__TASK DIRECTIONS__
Reproduce every entry below precisely; do not include the pictures.

__SUPPLIED RECORDS__
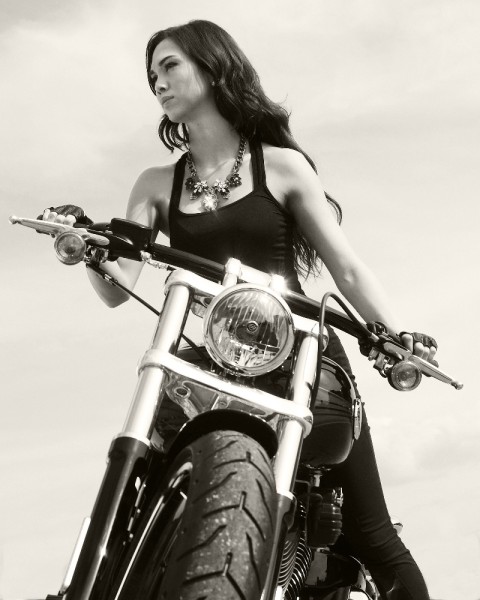 Woman on motorcycle, photoshoot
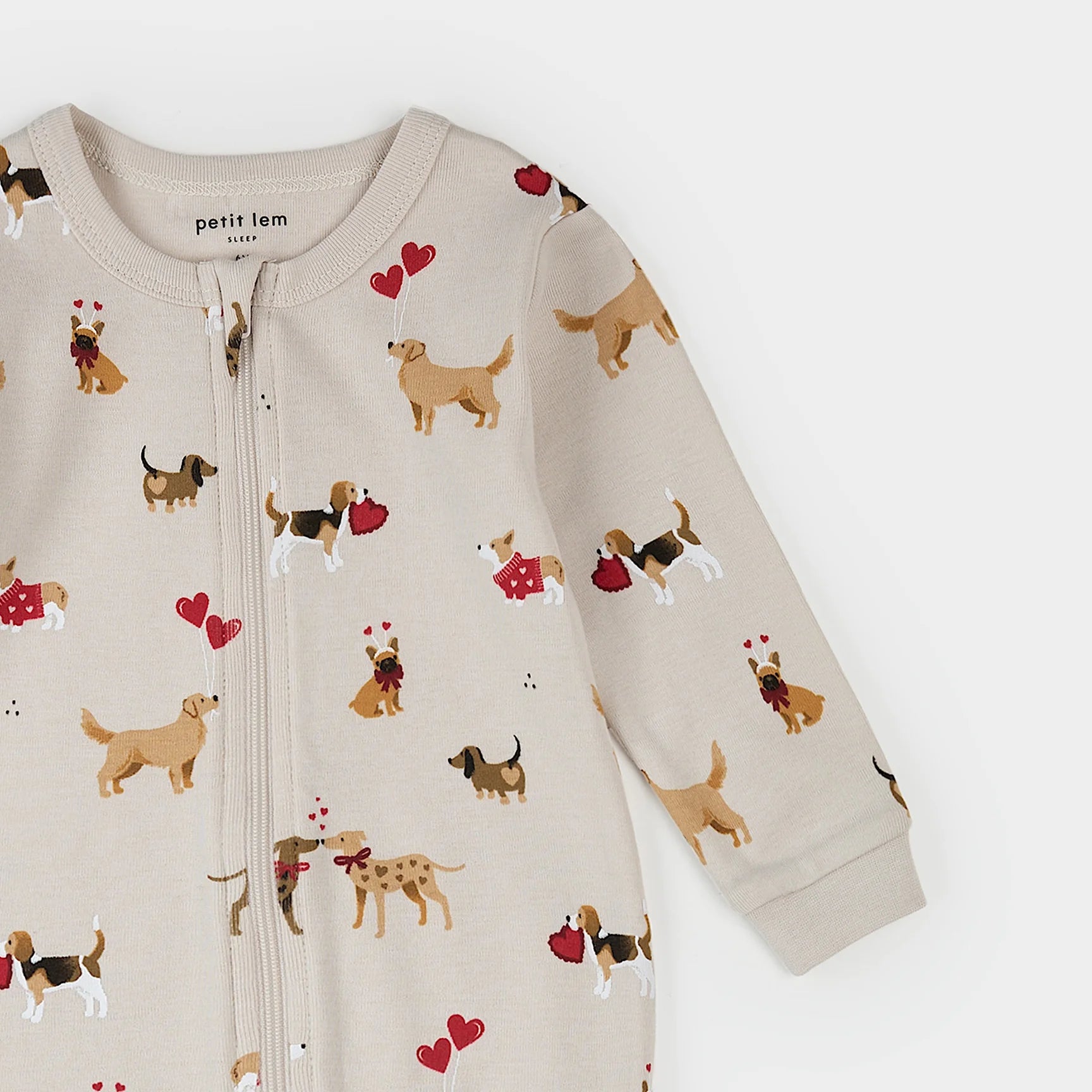 Puppy Love Print on Beige Sleeper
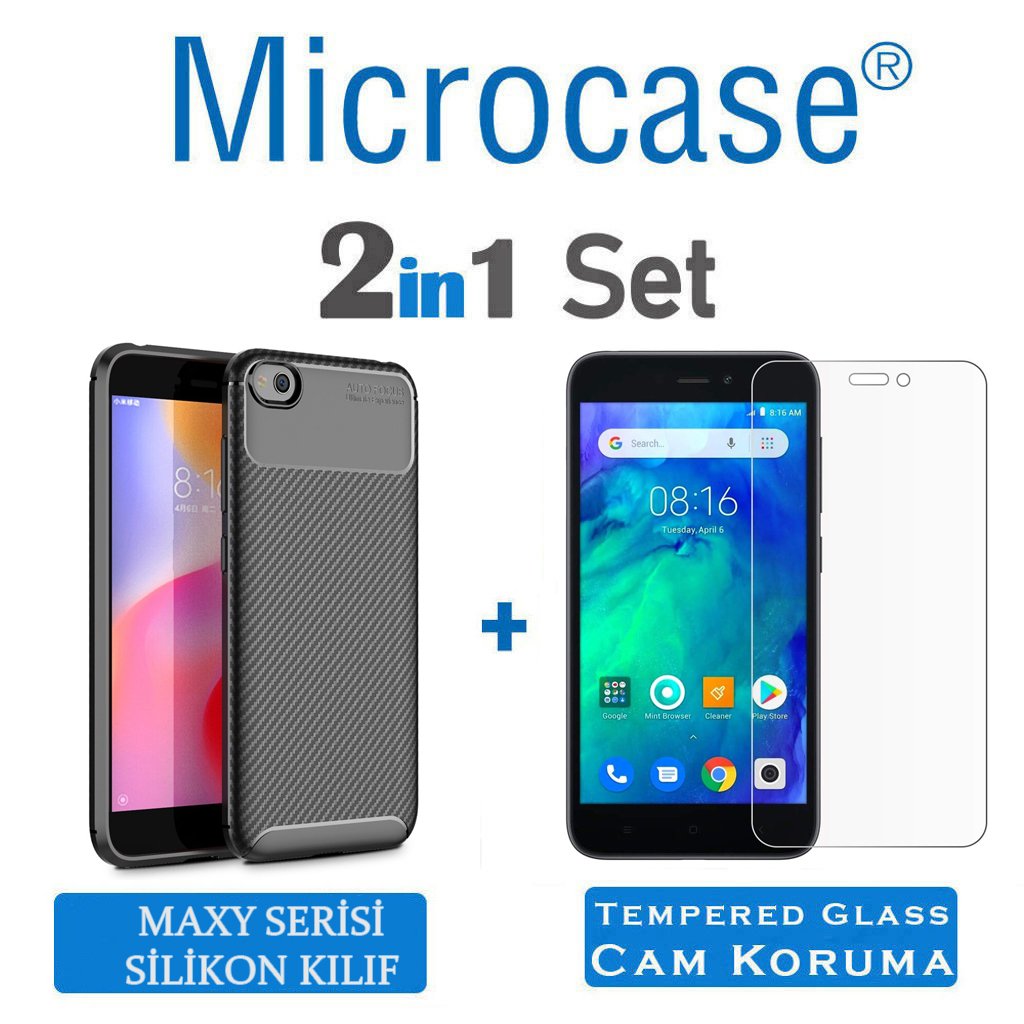 Microcase Xiaomi Redmi Go Maxy Serisi Carbon Fiber Silikon Kılıf - Siyah + Tempered Glass Cam Koruma (SEÇENEKLİ)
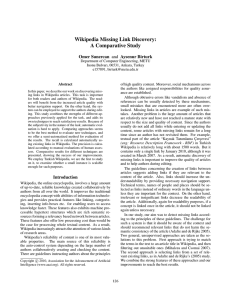 Wikipedia Missing Link Discovery: A Comparative Study Omer Sunercan and Aysenur Birturk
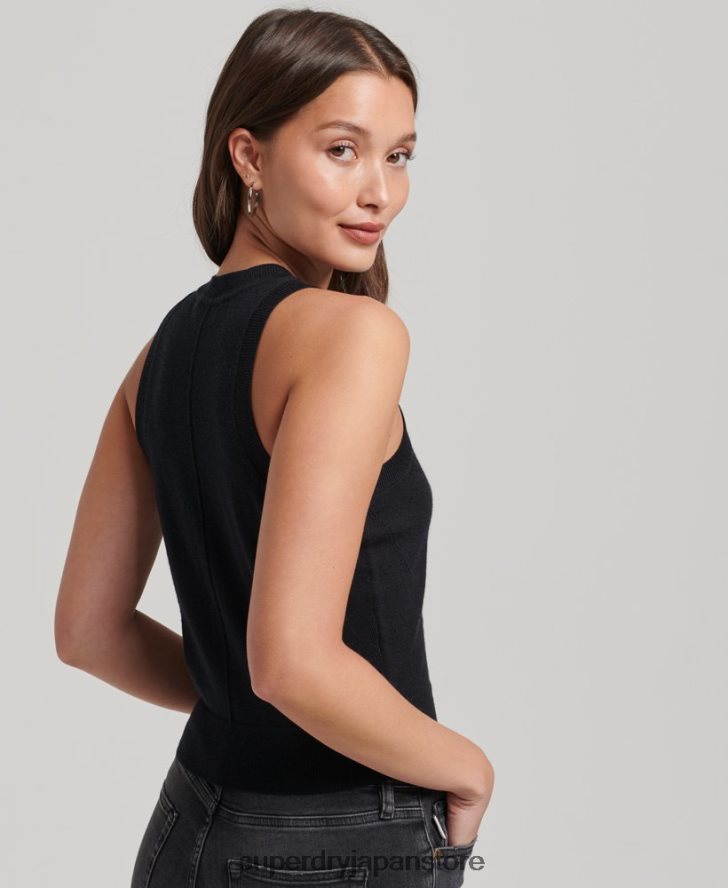 メリノクルーネックニットベストトップ 女性 Superdry 衣類 黒 2J62PZ3018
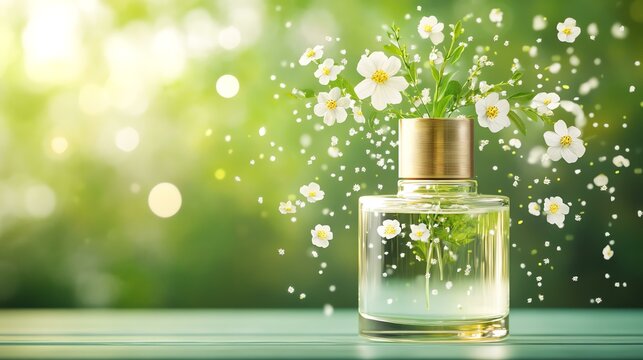 Fragrant essence in a glass bottle with blooms.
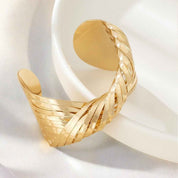 Aurielle Curve | Twist Luxe Cuff Bracelet | Gold Plated Sculpted Design | Modern Statement Bracelet for Elevated Styling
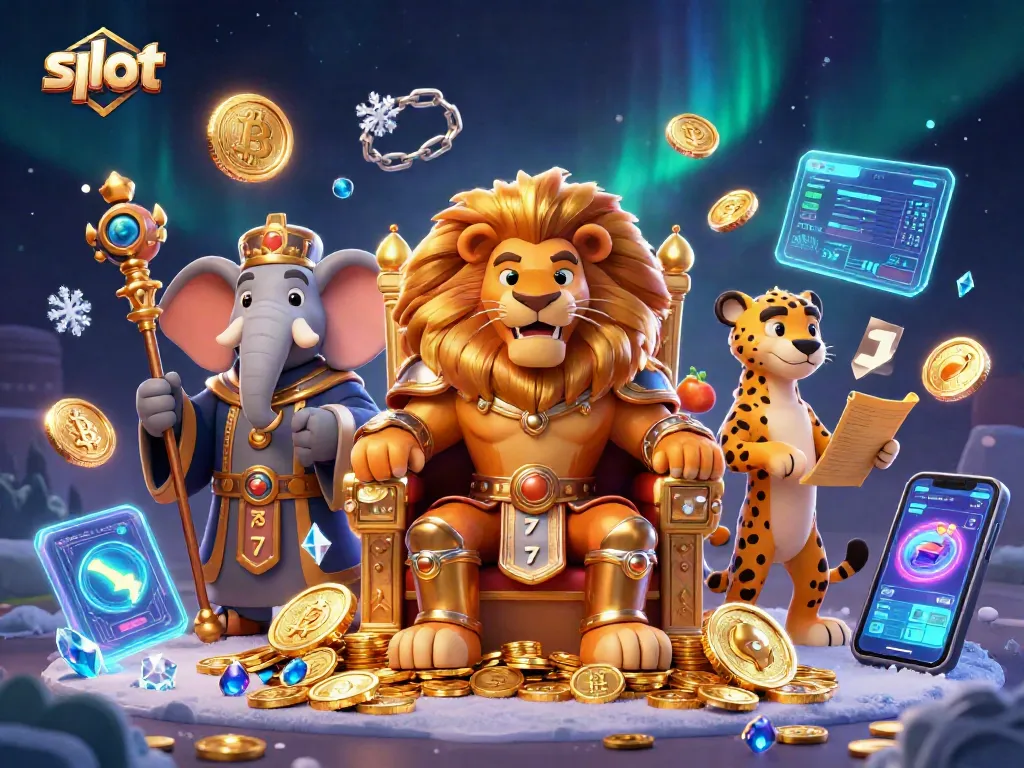 Putar slot dengan Raja Singa, Gajah Bijak, dan Cheetah Pesan, dikelilingi simbol buah dan koin crypto.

__RESULT OF THIS TASK__
 Woman on motorcycle, photoshoot
 Puppy Love Print on Beige Sleeper
 Microcase Xiaomi Redmi Go Maxy Serisi Carbon Fiber Silikon Kılıf - Siyah + Tempered Glass Cam Koruma (SEÇENEKLİ)
 Wikipedia Missing Link Discovery: A Comparative Study Omer Sunercan and Aysenur Birturk
 メリノクルーネックニットベストトップ 女性 Superdry 衣類 黒 2J62PZ3018
 Fragrant essence in a glass bottle with blooms.
 Aurielle Curve | Twist Luxe Cuff Bracelet | Gold Plated Sculpted Design | Modern Statement Bracelet for Elevated Styling
 Putar slot dengan Raja Singa, Gajah Bijak, dan Cheetah Pesan, dikelilingi simbol buah dan koin crypto.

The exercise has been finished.